A way to decide which political candidate has the most grassroots support - pg
http://tipacandidate.com/

======
JayNeely
pg, I just left them a comment on their page, and I'm hoping you might be able
to clarify this over here:

"TipJoy folks, while I think this experiment of yours is interesting, it
contains a serious flaw. Campaign contributions must meet certain
requirements, which a contributor must agree to.

From Ron Paul's campaign site:

1\. This contribution is made on a personal credit or debit card for which I
have the legal obligation to pay, and is made neither on a corporate or
business entity card nor on the card of another.

2\. I am a United States citizen or a lawfully-admitted permanent resident.

3\. I am making this contribution with my own personal funds, and I will not
be reimbursed by anyone for this contribution.

4\. I am not a federal government contractor.

5\. I am at least 18 years of age.

From Barack Obama's campaign site:

1\. I am a United States citizen or a lawfully-admitted permanent resident.

2\. I am at least 16 years old.

3\. This contribution is not made from the general treasury funds of a
corporation, labor organization or national bank.

4\. This contribution is not made from the funds of a political action
committee.

5\. This contribution is not made from the treasury of an entity or person who
is a federal contractor.

6\. This contribution is not made from the funds of an individual registered
as a federal lobbyist or a foreign agent, or an entity that is a federally
registered lobbying firm or foreign agent.

7\. The funds I am donating are not being provided to me by another person or
entity for the purpose of making this contribution.

If TipJoy donates these funds in whole on behalf of those who donate here,
they violate several of the above requirements.
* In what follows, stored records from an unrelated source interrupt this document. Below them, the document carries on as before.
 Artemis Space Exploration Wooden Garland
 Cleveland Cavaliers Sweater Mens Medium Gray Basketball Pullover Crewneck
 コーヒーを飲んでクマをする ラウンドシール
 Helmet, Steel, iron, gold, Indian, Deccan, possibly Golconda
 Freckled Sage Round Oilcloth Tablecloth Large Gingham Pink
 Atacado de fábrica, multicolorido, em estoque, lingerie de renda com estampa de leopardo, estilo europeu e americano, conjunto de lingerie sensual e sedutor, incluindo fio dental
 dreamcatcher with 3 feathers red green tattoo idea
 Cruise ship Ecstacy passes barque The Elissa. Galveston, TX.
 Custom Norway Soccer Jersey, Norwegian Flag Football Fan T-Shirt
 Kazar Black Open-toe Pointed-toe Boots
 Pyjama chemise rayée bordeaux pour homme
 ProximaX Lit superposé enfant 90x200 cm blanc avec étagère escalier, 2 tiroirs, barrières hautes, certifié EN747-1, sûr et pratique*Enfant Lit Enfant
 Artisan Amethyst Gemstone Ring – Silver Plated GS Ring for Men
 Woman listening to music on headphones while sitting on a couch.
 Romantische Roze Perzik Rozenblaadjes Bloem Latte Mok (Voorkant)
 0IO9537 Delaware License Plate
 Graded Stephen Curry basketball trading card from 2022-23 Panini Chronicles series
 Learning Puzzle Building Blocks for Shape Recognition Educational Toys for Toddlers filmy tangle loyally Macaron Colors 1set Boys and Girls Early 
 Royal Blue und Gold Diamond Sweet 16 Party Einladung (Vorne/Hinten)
If TipJoy is simply holding
these funds until the candidates "pick them up", it's denying tippers the
opportunity to see and agree to the requirements for donation, which means no
candidate's campaign committee would be able to accept them. If TipJoy in that
case follows it's stated policy regarding unclaimed tips: "Since tips are not
refundable, as long as the money remains 'unclaimed' it will remain with us
indefinitely", then you are knowingly soliciting money from users that you
cannot deliver and keeping it for yourself.

I don't think that's what you're trying to do. But some clarification would be
nice."

Has TipJoy considered these requirements? Or are they in some way donating via
a loophole?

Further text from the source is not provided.